Article Preview
TopThe term “linked data” was proposed in the area of the Semantic Web (W3C, 2018; Wikipedia, 2018). Linking is a process of extraction, setting and shared usage of links between elements of data, information, and knowledge (linkeddata.org, 2018). In government reports data linking is considered as a process of setting links between elements from different sources. Links are a set based on some common properties of these sources (Data.gov.au, 2018).
There are a lot of definitions of linked data. The main idea of linking is to set relations (or links) between different information elements. These relations define interdependencies between elements and enrich the original data.
Contemporary methods for data linking are mostly based on models and methods of intelligent data analyses and machine learning. They enable investigation of indirect links, restoration of some kind of unobvious interdependencies including those that can be found in large datasets or in a high dimensional data.
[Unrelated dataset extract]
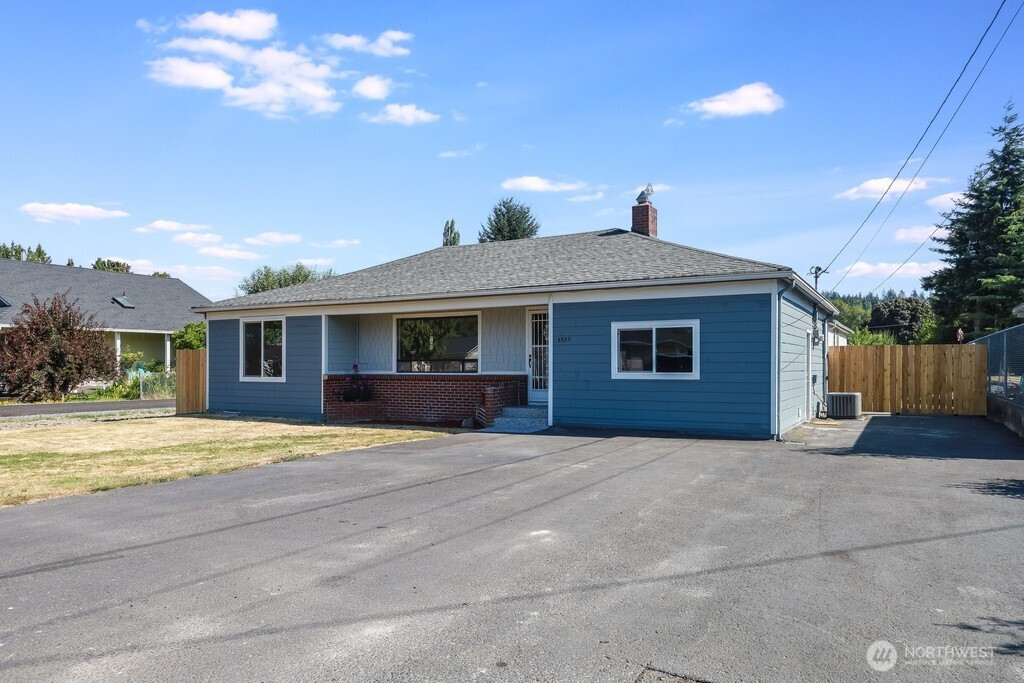 3338 PIne Street, Longview, WA 98632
The following groups of intelligent data analyses methods can be used for data linking: clustering; classification and forecasting; template matching, etc. (Graesser, 2018; Hastie et al., 2009; Nikolenko & Tulup’ev, 2009; Pospelov, 1990; Russell & Norvig, 2009; Witten & Frank, 2005; Zaki & Meira, 2014).
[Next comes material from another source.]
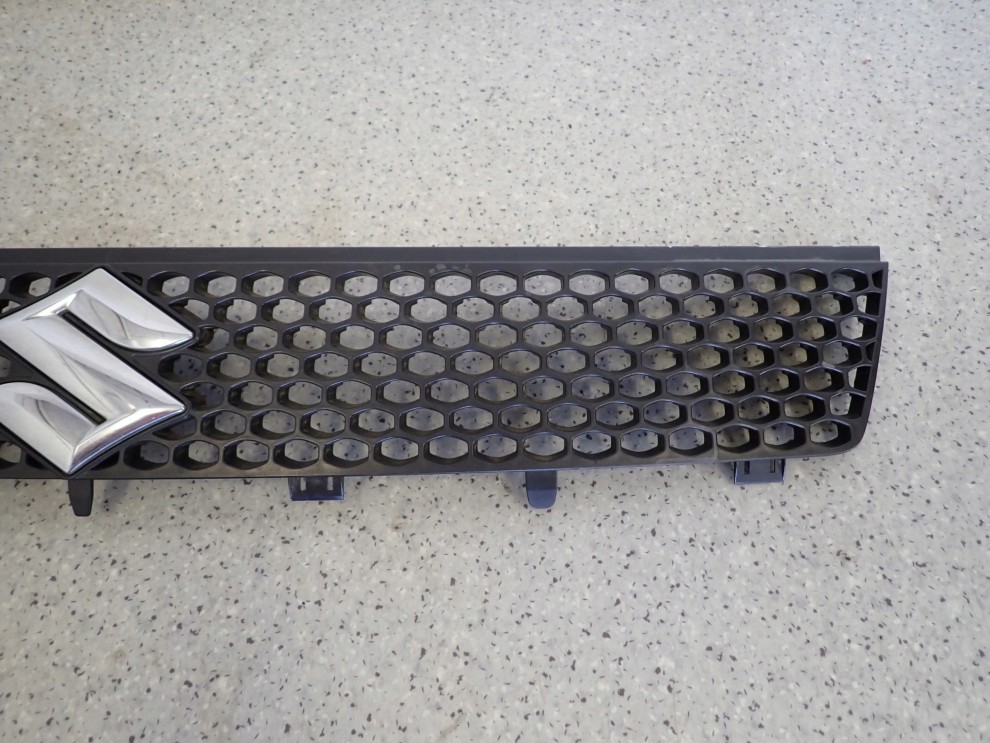 SUZUKI SWIFT 04-07 ATRAPA WLOTU POWIETRZA GRILL 4/9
There are two types of analyses used for dependency discovering: associative and sequential. Associative analysis methods enable discovering logical dependencies between information elements. Sequential analysis methods are used to process sequences of events.
The majority of classical dependency discovering methods is based on brute force search. The complexity of algorithms implementing these methods is decreased with the help of optimization. Classification and evaluation of associative algorithms can be found in (Tushkanova & Gorodeckij, 2015a, 2015b). Some of these algorithms are described in (Zaki & Meira, 2014). In the last few years, a number of new effective associative models have been created, e.g. an associative Bayesian network (Gorodeckij & Samojlov, 2009).